The new tool, which has just been described in Nature Communications, is called SEMORE (Segmentation and Morphological Fingerprinting) and has been developed in the group of Nikos Hatzakis by Steen W.B. Bender, Marcus Winther Dreisler, Min Zhang, Jacob Kæstel-Hansen, and Nikos Hatzakis at the Center for Optimized Oligo Escape and Control of Disease, University of Copenhagen.
Analysing microscope images takes time
SEMORE can be used for analysing protein aggregation and assembly in many different ways, including research on neurodegenerative diseases such as Alzheimer’s or Parkinson’s.

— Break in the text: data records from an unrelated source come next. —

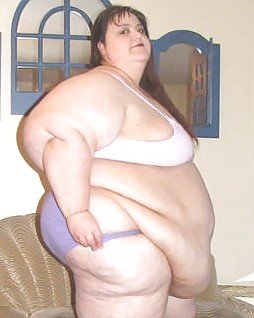 BIG BIG BIG GIRLS (part 2) #2094319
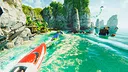 Speedboat Simulator Screenshot 0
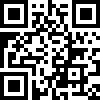 https://ur.abna24.com/x5wpn
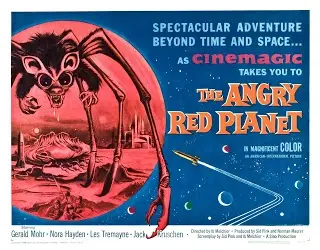 The Angry Red Planet poster 1959.jpg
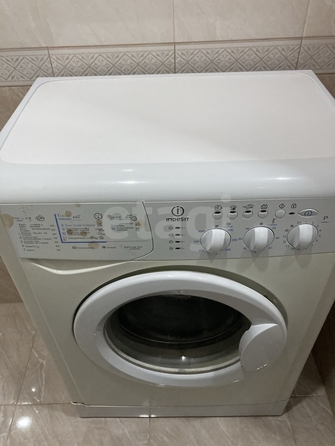 
  Продается 1-комн. квартира 35 м². Фото 12.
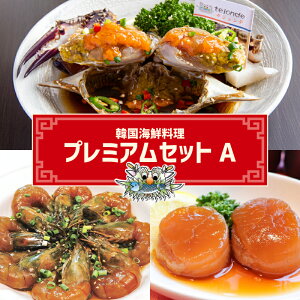 yӂ邳Ɣ[Łz؍CNv~AZbgA ؍ ؍ ̍ ܂ {̖ CN ؍ RA^E Vh Vv Jj I Gr CV  z^e Ⓚ `  0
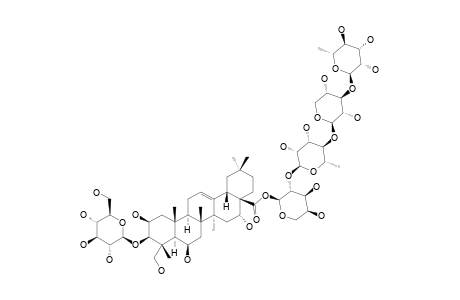 ARGANINE-C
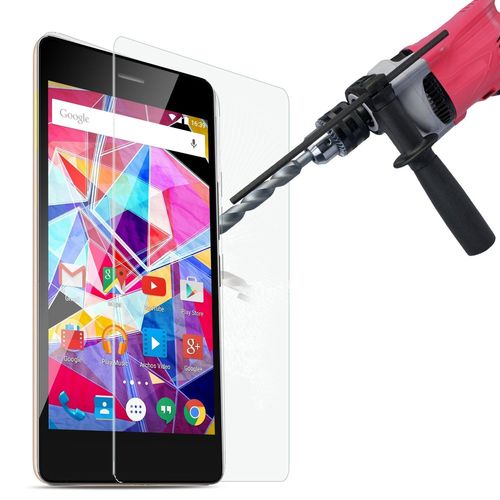 Archos Diamond S 4g Verre Trempé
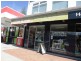 Yamba NSW 2464
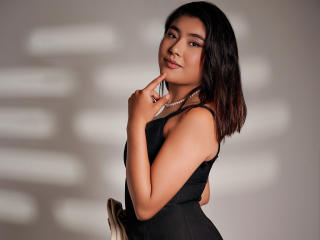 HannaGoez Videos Liveshows - Photo 9/21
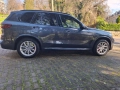 BMW X5 DRIVE 30D, снимка 9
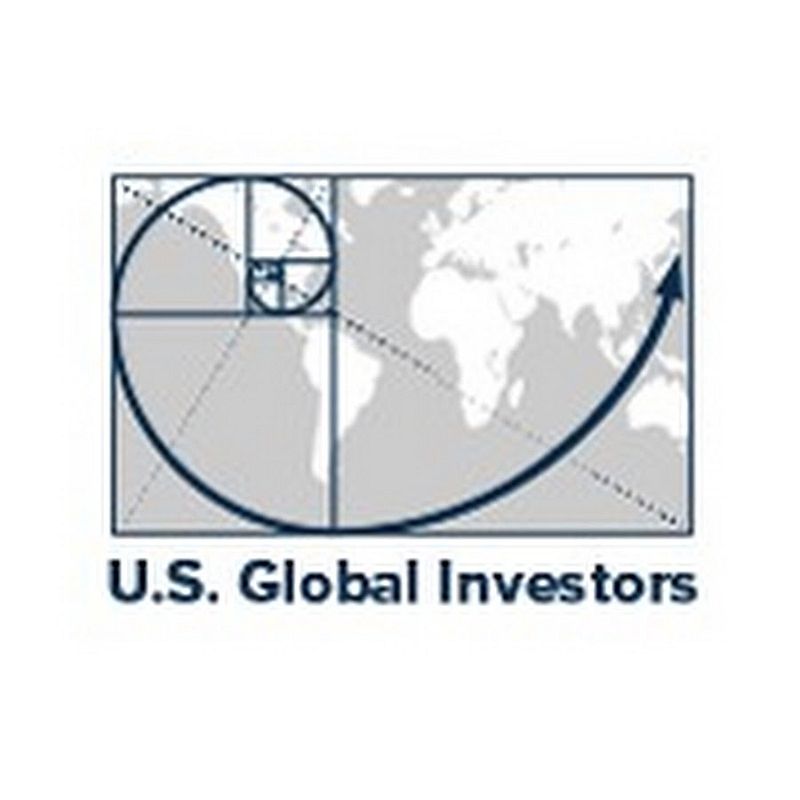 Global Investors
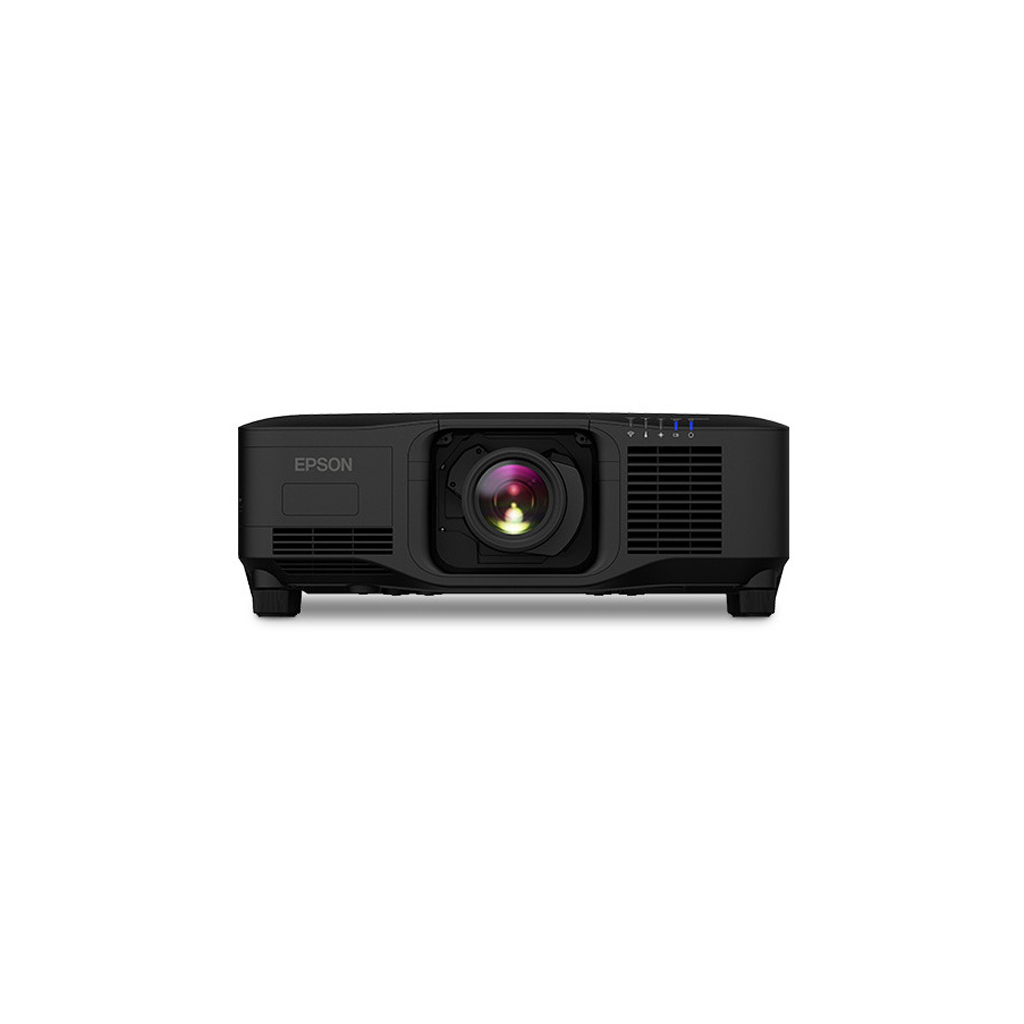 Проектор Epson EB-PU2216B (V11HA67840) - зображення 1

Both diseases are characterised by protein assemblies in the brain, and this has been the focus of intensive research for many years with the aim of preventing these assemblies from forming and thereby eliminating the diseases.
For example, researchers investigating the development of Alzheimer’s in mice repeatedly take brain samples from the mice and assess the development of aggregates over time.
Researchers may want to determine how many protein aggregates are present in a given section of the brain, their shape and size and how they develop over days, weeks or months.
They may also want to determine what happens to protein aggregates if the mice are exposed to experimental drugs.
This thorough research can involve hundreds or thousands of high-resolution images with researchers manually counting and describing thousands of protein assemblies – which takes a ridiculous amount of time.
“Researchers spend way too much time analysing microscopy images of protein assemblies, which delays the research. There has therefore been a great need for automated methods that can reliably determine what is in the images captured under the microscope,” says Jacob Kæstel-Hansen.
Analysing every tiny detail in the images or videos
Based on machine learning, the SEMORE model developed by the researchers can extract all the data the researchers want from the microscopy images.
SEMORE is designed to recognise protein assemblies and can tell within a few minutes how many assemblies an image has and their size and shape.
If SEMORE is fed data from a video file, it analyses every frame in the film and determines how things have developed over time. Have there been more assemblies or fewer? Have they grown or shrunk? Do they change shape over time?
All of this is crucial knowledge for researchers who may want to know how neurodegenerative diseases develop.
“SEMORE is not limited to examining images of protein aggregates in neurodegenerative diseases and can be used in many biological systems for analysing protein assemblies. We performed an experiment in which insulin aggregated, reducing its effectiveness, and we analysed this in very few minutes,” says Steen W.B. Bender, Department of Chemistry, University of Copenhagen.
Creating a library from the data
SEMORE has the potential to ease the work for thousands of researchers who today painstakingly count protein assemblies on static microscopy images, and for them, it is welcome news that the model is both freely available and plug and play.
This means that researchers can analyse their data with SEMORE and rapidly get a file with information that would otherwise have taken them weeks to prepare.
Professor Nikos Hatzakis, who led the work together with Jacob, hopes that as more researchers use SEMORE, data from the many analyses will be collected in a database that can become a research resource.
“For example, we are examining insulin, and if other researchers do the same or study other proteins, we can create a whole library of the aggregation and assembly of various proteins under different conditions. In the long term, this can make us more aware of how various conditions affect disease development,” he concludes.